Martha Fransworth (Nicole Kidman) entscheidet als Hausherrin, ob der Fremde (Colin Farrell) bleiben darf.
(Foto: Universal Pictures)
Wie gefährlich kann eine Handvoll Frauen in Rüschenkleidern schon sein? Der Soldat John McBurney jedenfalls schätzt die Gefahr eher als gering ein. In Sofia Coppolas neuem Film "Die Verführten" verdreht er allen gleichzeitig den Kopf. Mit Folgen.
Geschichten über Männer im Krieg gibt es viele. Genauso viele gibt es über die Frauen, die sie zurücklassen - nur werden die eben nicht ganz so oft erzählt. "Die Verführten" tut genau das. Der neue Film von Sofia Coppola spielt in der Zeit des amerikanischen Bürgerkriegs auf einer verlassenen Plantage in den Südstaaten.
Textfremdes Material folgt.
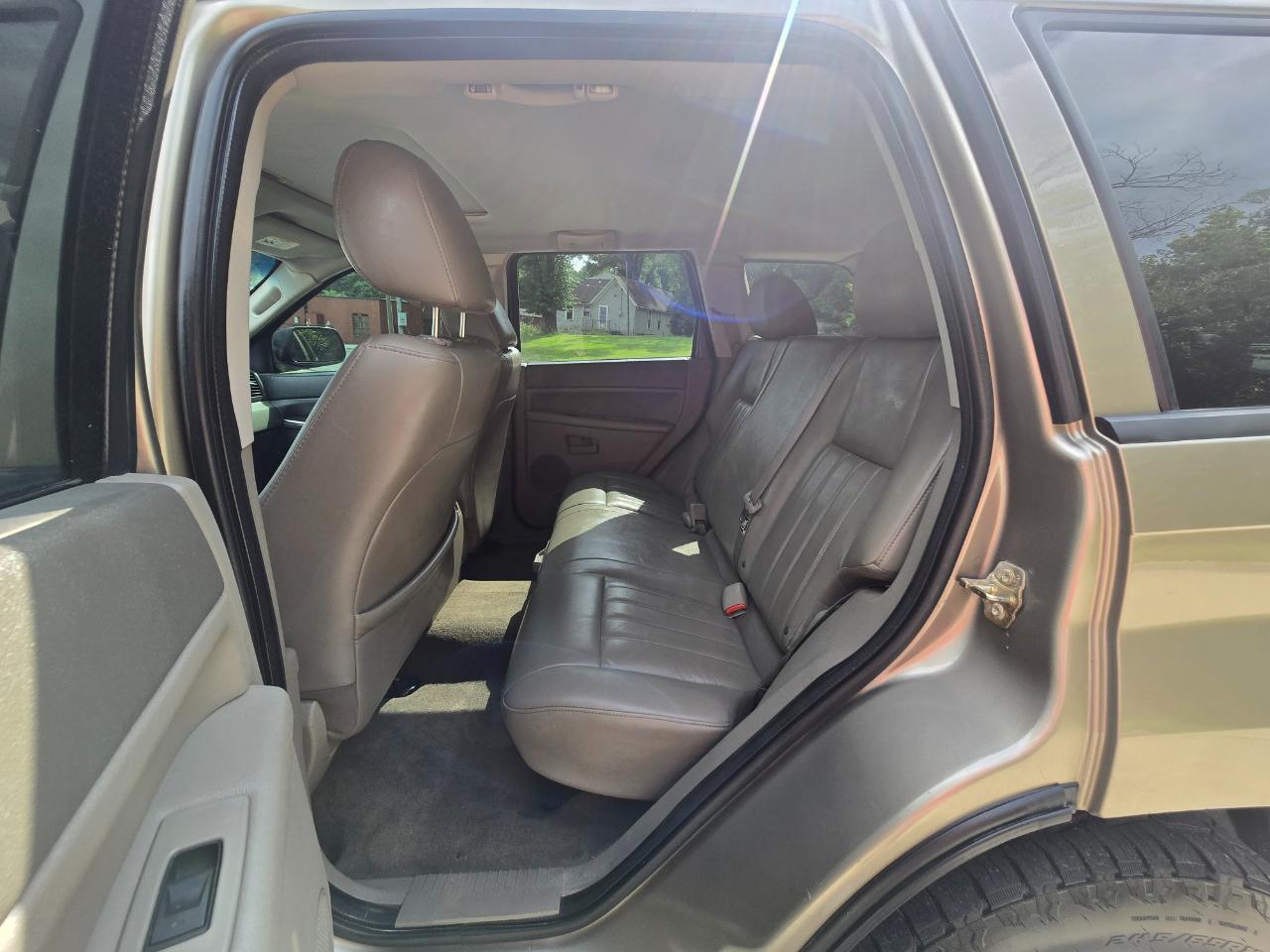 Jeep Grand Cherokee Laredo 4WD 2005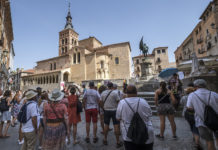 Segovia bate récords de visitantes, pendiente de implantar la tasa turística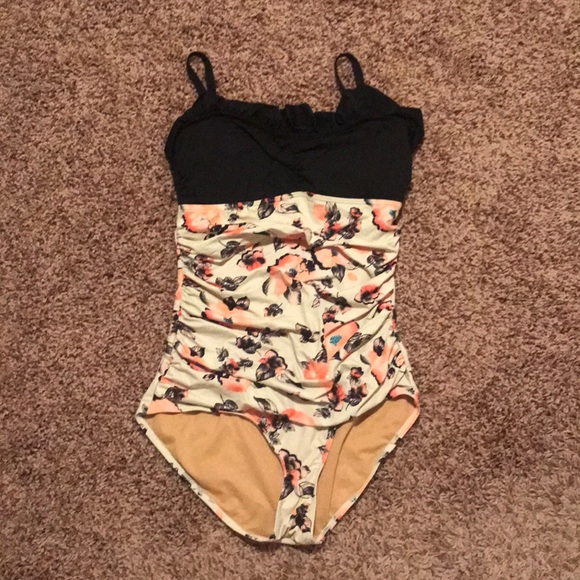 DownEast Other - 🌿 One Piece Swimsuit from Downeast 🌿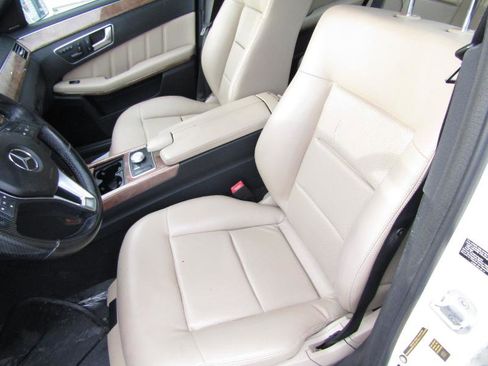 Used 2012 Mercedes-Benz E 350 E350 4MATIC Sedan w/ Premium 1 Pkg image 11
Die strenge Martha Fransworth (Nicole Kidman) hält dort allen Widrigkeiten zum Trotz eine Mädchenschule am Laufen. Eines Tages erscheint ein verwundeter Söldner und mischt die pastell gerüschte Trostlosigkeit der Frauen auf.
Selbstverständlich ist "Die Verführten" nicht einfach irgendein Historienfilm. Zuweilen lassen sich zwischenmenschliche Phänomene eben durch den Filter vergangener Zeiten besser betrachten. Coppola, die mit Filmen wie "Lost in Translation" und "The Virgin Suicides" als Filmemacherin etabliert hat, verhandelt in "Die Verführten" erneut Einsamkeit. Die Frauen sind verlassen, allein auf sich gestellt und gleichzeitig verschworen wie ein Hexenzirkel - oder wie Internatsmädchen.
Ein Versprechen wird zum Alptraum
Ob es daran liegt, dass ein Außenseiter zu ihnen stößt? Ob sein Geschlecht die entscheidende Rolle spielt? Als Soldat John McBurney (Colin Farrell) auf der Bildfläche erscheint, tritt das feine Machtgeflecht zutage, das die Frauen untereinander gesponnen haben. Am Kranken proben sie Aufbegehren gegen ein System, das sie klein hält.
Soldat John McBurney ist der fleischgewordene Traum der Frauen - intellektueller Sparringspartner für Martha, zärtliches Versprechen für die verklemmte Lehrerin Edwina (Kirsten Dunst), charmantes Testobjekt für die sexuelle Aggression der jungen Alicia (Elle Fanning). Doch was zunächst die Fantasie aller Beteiligten beflügelt, entwickelt sich immer mehr zum Horrorszenario.
Keine Gewinner
Frauen sind nun mal nicht zu unterschätzen und nachdem sich diese Exemplare ein bisschen gegeneinander haben ausspielen lassen, reicht es ihnen. Statt sich ihrem Schicksal zu ergeben, ergreifen sie es. Und unter diesem Gesichtspunkt trifft Coppolas Kostümfilm dann plötzlich den Nerv der Zeit. Wie passend, dass die 46-Jährige für ihre Arbeit in diesem Jahr bei den Filmfestspielen in Cannes mit dem Regiepreis geehrt wurde - als zweite Frau überhaupt.
Wer sich bei "Die Verführten" zu oft die Schuld-Frage stellt, muss verzweifeln. Der Film sucht keinen Verantwortlichen, er hat auch keinen Gewinner. Dafür hat er einen ausnahmslos hervorragenden Cast und den Moment der Überraschung für sich: Selten hat sich vor so harmloser Kulisse so viel Substanz gezeigt.
"Die Verführten" startet am 29. Juni in den deutschen Kinos.